There is nothing new in this book that hasn't been pointed out for decades in various places, it is just a very compact and concise anthology of the best of these arguments, always added to the personal experience of the author. Just as Christians have a life-changing existential experience and believe the Gospel is intellectually valid, so a mixture of existential experience and intellect causes deconversion.

This book can be seen as "an attack on Christianity" in a sense that former Christians are believed to be bitterly getting back at what disillusioned them, but ultimately, skeptics write books like this to help disillusioned Christians understand that they are not crazy or alone and help them adjust to life without a belief system that can shown to be false intellectualy and experientially. This is no different that Christian apologists "attacking Islam" or "attacking Mormonism" by using deconversion stories from former Muslims and Mormons showing why nothing worked existentially along with arguemnts againt the validity of those worldviews. Christians believe they are doing it in love to rescue people out of harmful and false belief systems. A book like this is no different.
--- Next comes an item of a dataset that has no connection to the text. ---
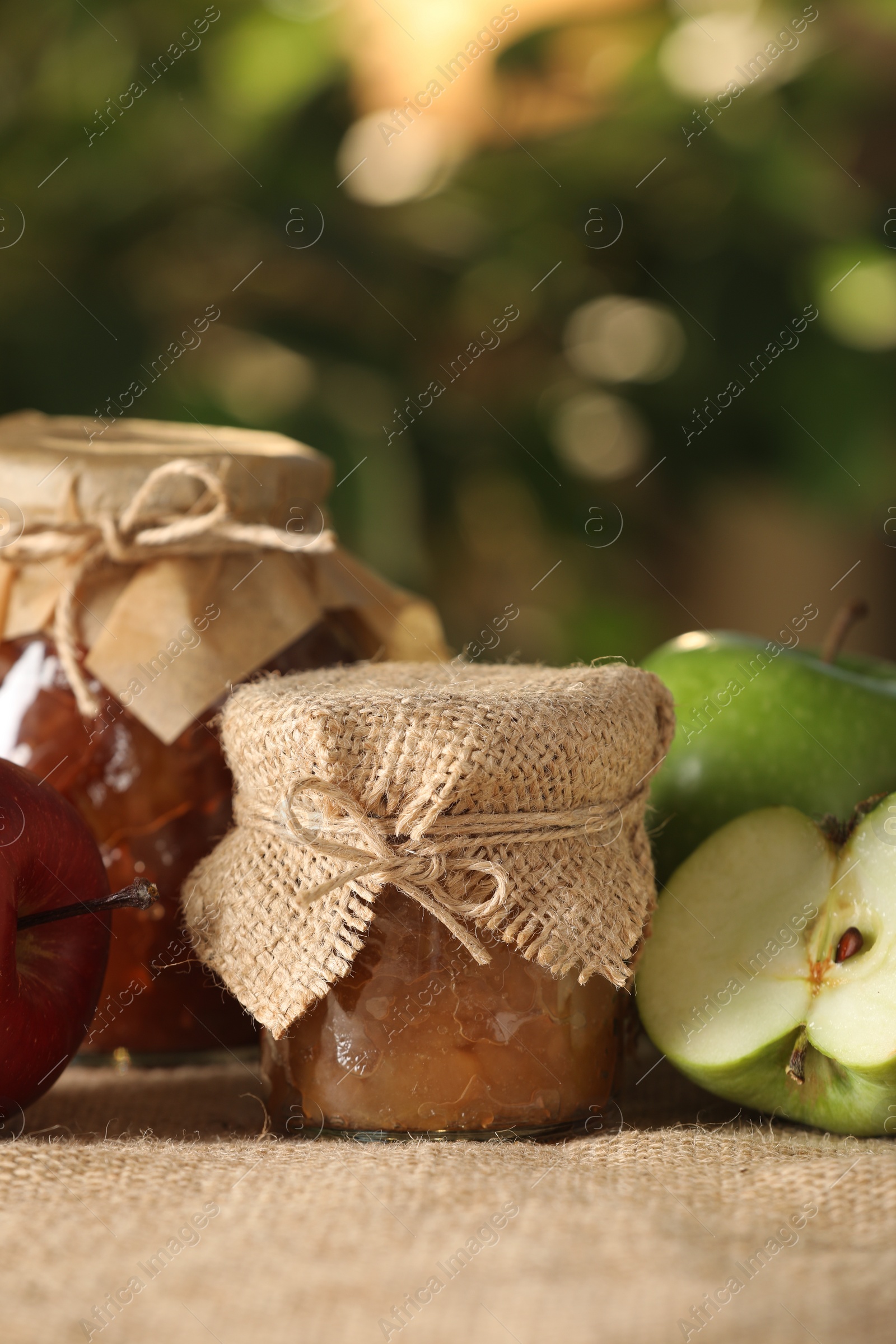Photo of Delicious apple jam and fresh fruits on burlap against blurred background, closeup. Space for text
If you read Christian apologetics, you owe it to yourself to have an anthology of the best arguments against Christian apologetics in your library.

2 comments:

Why I Don't Believe said...

Paul Harrison wrote..

This is no different that Christian apologists "attacking Islam" or "attacking Mormonism" by using deconversion stories from former Muslims and Mormons showing why nothing worked existentially along with arguemnts againt the validity of those worldviews.

Aint that the truth?

What's good for the goose is good for the gander. I had two experiences that rocked my Xian worldview. One was, when as a 'strong' Pentecostal, I was arguing with Mormons and found a lot of their premises were almost identical to mine (except they used talked about Heavenly Father and Joseph Smith).

The second was when I was talking to a 'backslidden' Muslim fundamentalist in Singapore. The stories she told and the baggage she carried was almost identical to ex-fundy Xians. It was like a slap in the face for me. "Only the names had been changed..." And I was still a believer when I met her...I wasnt looking for ammo against Xianity at all. She just walked up and served it to me.

So why should it be any surprise hat ex-fundy's have books, websites, support groups...just like others who have left many other "-isms"?

Why I Don't Believe said...

Sorry, that last paragraph should have read...

So why should it be any surprise THAT ex-fundy's have books, websites, support groups...just like others who have left other "-isms"?